▶ **Source material**
-----

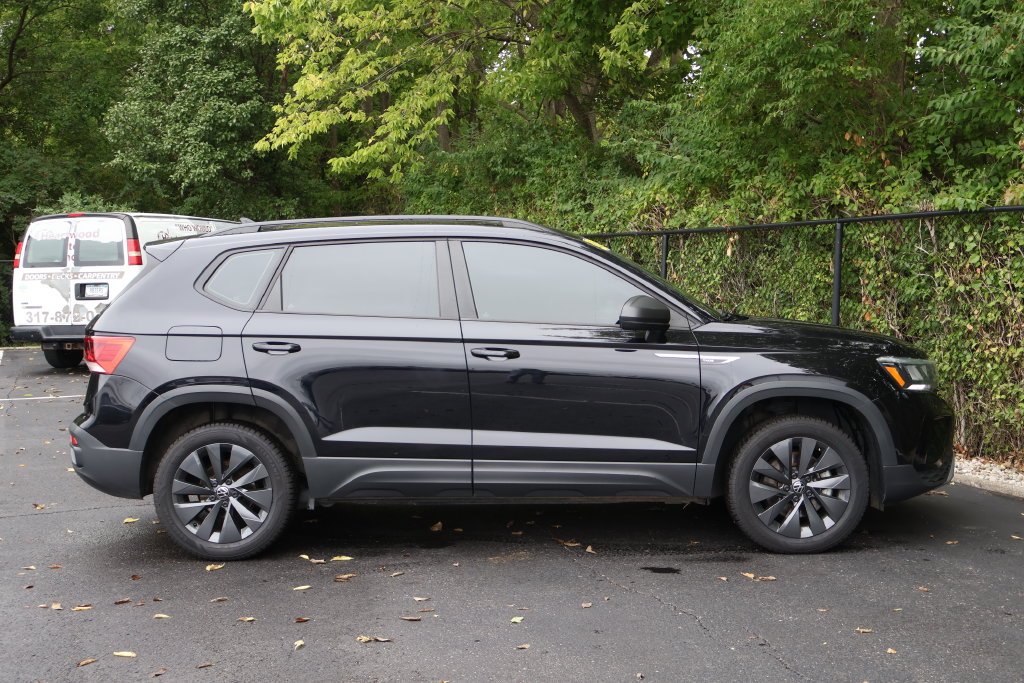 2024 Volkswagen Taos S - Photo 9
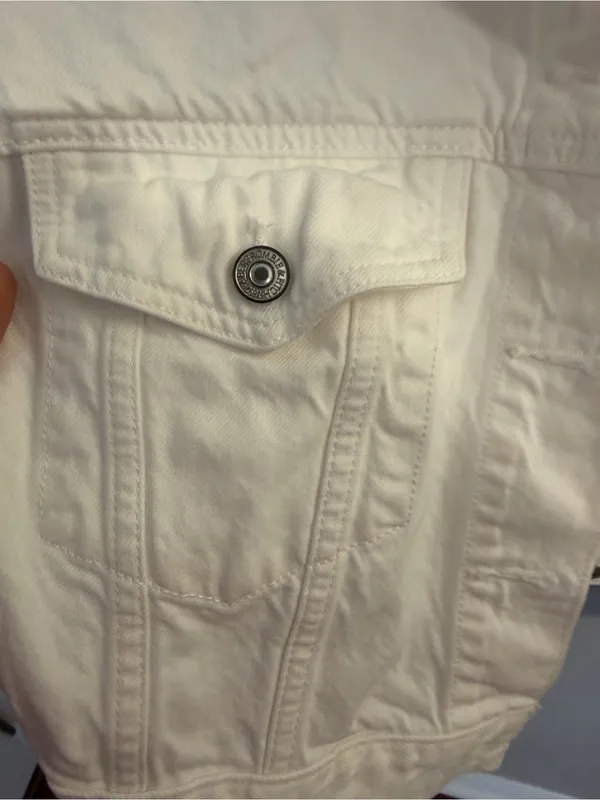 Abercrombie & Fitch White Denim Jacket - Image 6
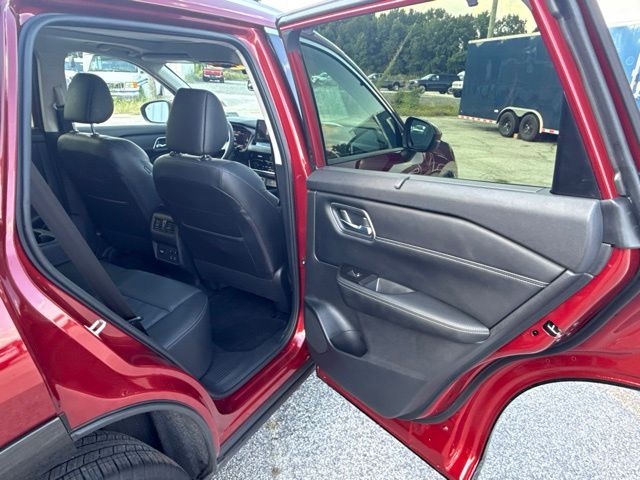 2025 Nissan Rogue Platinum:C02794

-----

▶ **Problem description**
Pictures are not part of the copy. Please reproduce the material word for word.

▶ **Completed task**
 2024 Volkswagen Taos S - Photo 9
 Abercrombie & Fitch White Denim Jacket - Image 6
 2025 Nissan Rogue Platinum:C02794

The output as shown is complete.